Informant: No, no, it’s not going out, but just walking. It’s a very, a, this was a very odd way they,um, you know, every relationship starts like that! No matter where it goes, every relationship starts like that where they grew up. I haven’t heard about it elsewhere, outside of their town.

Collector: Why do you think they do this?

Informant: Um, to me, uhh..obviously you have no control what teenagers might do later in their relationship, but considering they grew up in a very very Catholic community, this seems like a very innocent, um, way of meeting people. But, there’s a certain level of tradition about it, with me, it always seemed old fashioned, um, it seemed like uh, because it’s so public–it’s out in the park–you want to display that modesty before the relationship is starting, um, and then uh, people experience a sort of private life from there.”

While there are many interesting dating practices existent in the folklore of other cultures, this one is specially interesting in how regulated the practice is and there’s a certain protective quality about this sort of regulation. The women are protected by each other in the inner circle and the guys have their guy friends, or what some might call “wing men”, around them. Each sex is supported by their friends as they mingle with the opposite sex and the practice becomes quite protective and innocent in nature.

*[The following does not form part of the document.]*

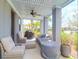 Covered patio featuring comfortable seating, ceiling fan, and grill for outdoor entertainment at 3034 Bell Cv Aly, Johns Island, SC 29455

The fact that my informant feels this practice is old fashioned might call into question the norm of dating in the United States as of now. While I may be over-generalizing, modern teen culture and dating practices seem to place an emphasis on sexual relations, or hookups/one night stands, instead of devoting effort to developing a nurturing relationship, losing or skipping the sort of modesty and innocence that my informant describes in the folk practice he observed. So, ultimately, perhaps this difference between dating practices suggests that teenagers these days are exposed to sexual relations way too early from the media and even propagated by their own folk circles–like a sort of leftover or lasting effect from the Free Love Revolutions of the 1980s.